Byline: Matthew Russell Lee of Inner City Press at the UN: Exclusive

UNITED NATIONS, June 22 -- The seamy underbelly of UN system politicking is laid bare in a filing to the UN's top investigator Inga-Britt Ahlenius from the Officer in Charge of the UN Conference on Trade and Development Division on Management Khaililur Rahman.

   Describing the campaign by UNCTAD's senior advisor against a Ivory Coast diplomat competing to head UNCTAD or to beat out Patrick Lamy for the next term at the World Trade Organization, Rahman quotes that Lamy "has campaign funds from the French" and hired the Ivorian diplomat's "mistress at the WTO."

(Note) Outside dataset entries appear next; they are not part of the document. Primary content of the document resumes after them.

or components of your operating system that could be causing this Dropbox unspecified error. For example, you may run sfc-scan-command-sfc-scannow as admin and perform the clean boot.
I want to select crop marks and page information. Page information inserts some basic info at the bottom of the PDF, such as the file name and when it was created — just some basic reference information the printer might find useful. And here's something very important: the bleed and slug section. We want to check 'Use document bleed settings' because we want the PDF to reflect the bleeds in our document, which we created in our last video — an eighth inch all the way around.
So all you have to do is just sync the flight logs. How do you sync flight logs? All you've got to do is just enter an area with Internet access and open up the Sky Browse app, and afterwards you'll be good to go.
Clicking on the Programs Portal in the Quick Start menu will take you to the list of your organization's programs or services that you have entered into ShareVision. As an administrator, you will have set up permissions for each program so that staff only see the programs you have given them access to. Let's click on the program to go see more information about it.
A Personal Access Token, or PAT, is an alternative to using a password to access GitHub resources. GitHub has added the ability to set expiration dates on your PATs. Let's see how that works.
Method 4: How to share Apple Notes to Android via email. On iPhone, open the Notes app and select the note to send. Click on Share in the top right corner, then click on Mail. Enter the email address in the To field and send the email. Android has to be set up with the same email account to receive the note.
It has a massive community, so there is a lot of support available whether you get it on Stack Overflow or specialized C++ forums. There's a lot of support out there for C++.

  Inner City Press has obtained a copy of the UN document, and places it online here.  On June 4, Rahman asked Ahlenius' Office of Internal Oversight Services to take action. But UN Spokesperson Michele Montas on June 19 told Inner City Press she and the UN are unaware of the complaint.

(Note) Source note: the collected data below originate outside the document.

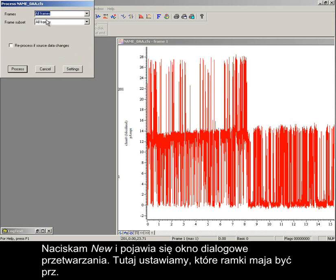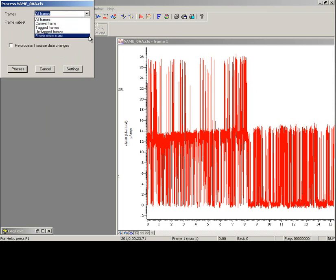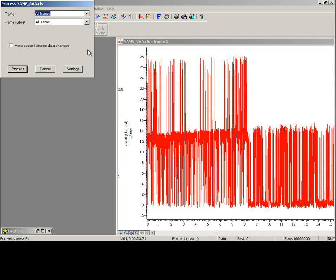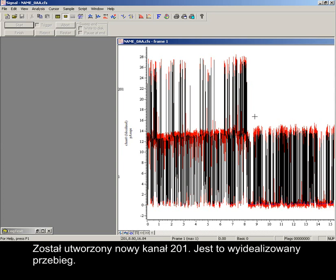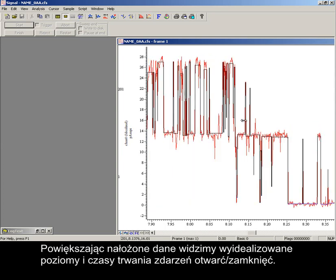Here we set which frames to process. Press Process, and all frames are included in the result. A new channel, labeled 201, has been produced. This is the idealized trace. Zooming into the overdrawn data, we see the idealized levels and durations of the open-closed events.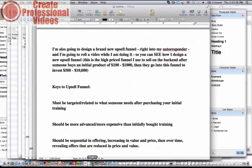Hello folks, Sean Mize here, and in this video I'm going to talk with you about designing an upsell funnel.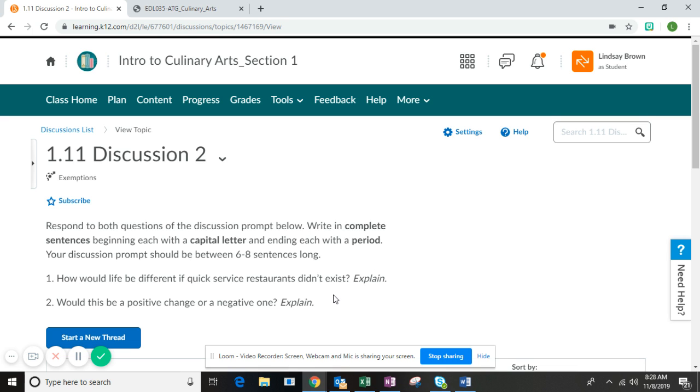And then your opinion: would this be a positive change or a negative change? Once again, explain your reasoning. So especially on question two, don't say this would be a negative change. The end. Explain why. Why would it be a negative change or why would it be a positive change? Make sure that you explain your thinking.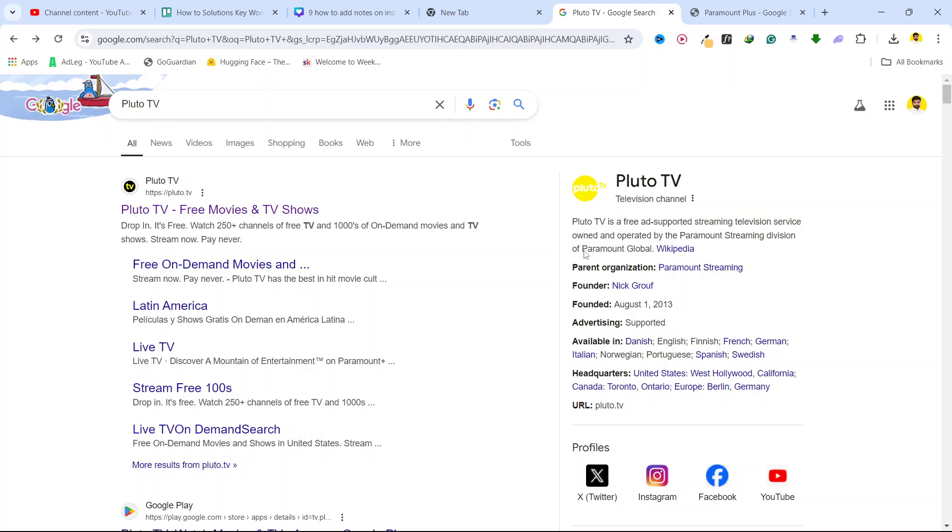So first is Pluto TV. Here you can see that Pluto TV is a free ad-supported streaming television service owned and operated by the Paramount streaming division of Paramount Global.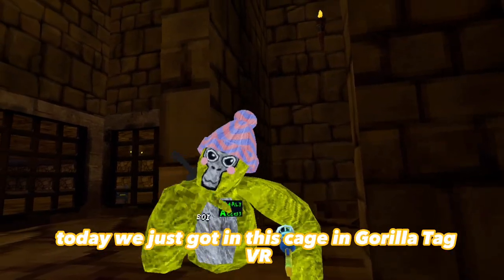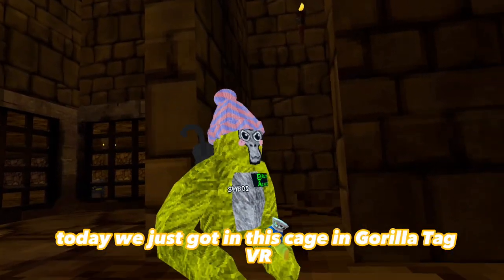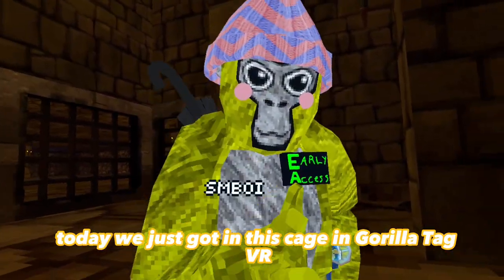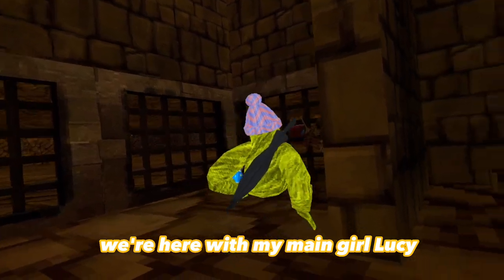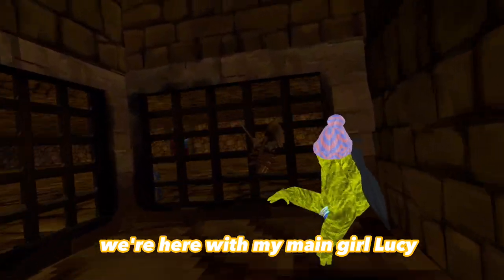What's up guys, today we just got in this cage in Gorilla Tag VR. We're here with my main girl Lucy.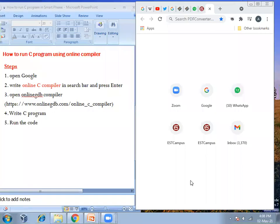Hello friends, in this video I'm going to show you how to run a C program using an online C compiler in the browser. The steps are written here. The first step is to open the Google browser, open the Google search engine, then write 'online C compiler' in the search option and press enter. After that, you will find a list of C compilers.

    In the memo, Rahman recounts how pressure was brought to bear on UN staff to lobby for the incumbent at UNCTAD Supachai Panitchpakdi to get a second term. Mr. Supachai's special advisor Kobsak Chutikul wrote a "Game Plan e-mail" which identified the Permanent Representatives to the UN of Sudan, Cuba, Libya and Nicaragua as "undermining the practice / tradition of two consecutive terms" for the top job at UNCTAD.

   Rahman recounts to the Office of Internal Oversight Services that "Mr. Chutikul also mentioned he would 'continue to press the Executive Office of Secretary General' [Ban Ki-moon] while noting that 'we can't just wait for them to act.'"

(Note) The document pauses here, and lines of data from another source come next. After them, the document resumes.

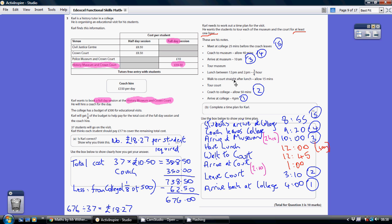Now part B — we need to complete a time plan. Read through all the information, and I've processed it in the order of these numbered facts: 1, 2, 3, 4, 5. Working backwards, we know we need to arrive back at college at 4pm. Given the coach to college takes 50 minutes, we need to leave at 3.10, because 3.10 plus 50 minutes takes you to 4 o'clock. So those are fixed — you've got to go for those blue answers.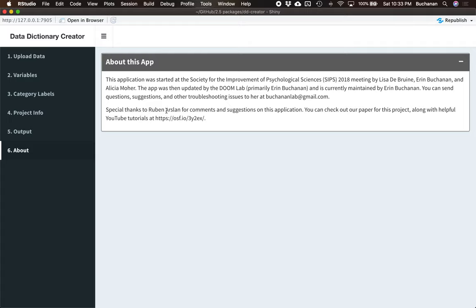So this kind of ends the tutorial for creating the data dictionary. You can watch the tutorial for creating the Codebook. Once you have your outputs made, you can move on to part three where you go, what do I do with these outputs? And that'll be the final stage in sharing open data.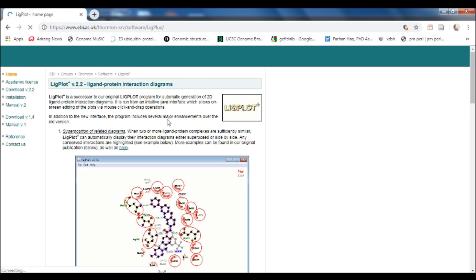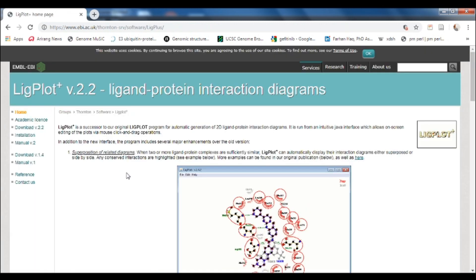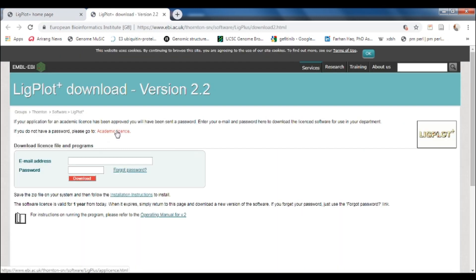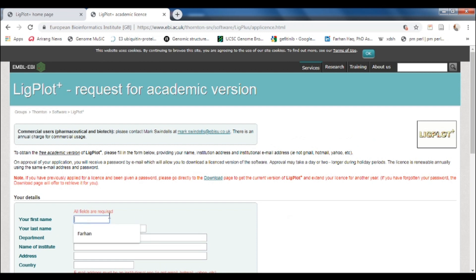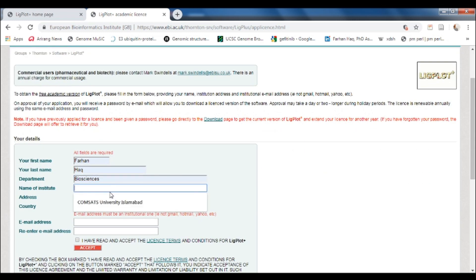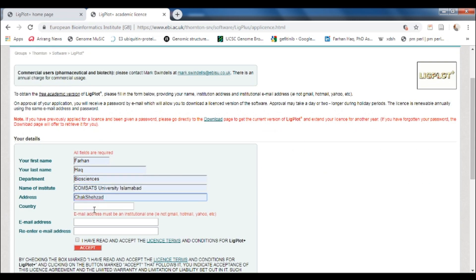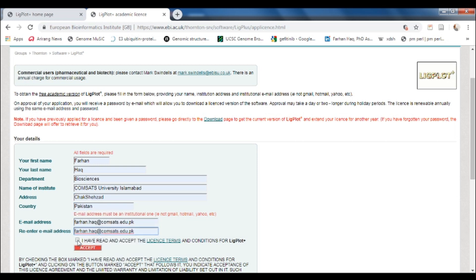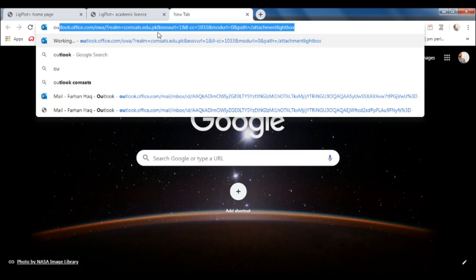First of all you need to go to the LigPlot Plus website and download the LigPlot software. For that, you have to register yourself and get the academic license. You just have to fill these forms with all your details. You need an institutional email address for this, and after doing all this you just have to click accept and it will send you an email.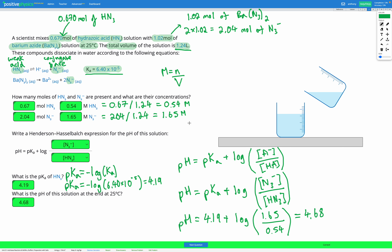We can do a check to make sure that makes sense. Our concentration of N3⁻ was 1.65, which is greater than our concentration of HN3, which was 0.54. So the conjugate base has a higher concentration than the acid, meaning that fraction is greater than 1, and log of something greater than 1 is a positive number. So our pH should be pKa plus a positive number — pH should be greater than pKa. We can see that's exactly what we got: pH was 4.68, which is greater than our pKa of 4.19.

   The African Group was pushing as a candidate Ambassador Gauze of Cote d'Ivoire to replace Mr. Supachai. That campaign appears to have ended. On June 19, Inner City Press was shown by one of the above-mentioned Permanent Representatives a message from Ban Ki-moon's senior advisor, leading to the dropping of the competing African candidacy. Ban and his advisor previously moved to cut the Office of the Special Advisor on Africa, a decision the General Assembly has ordered Ban to reverse.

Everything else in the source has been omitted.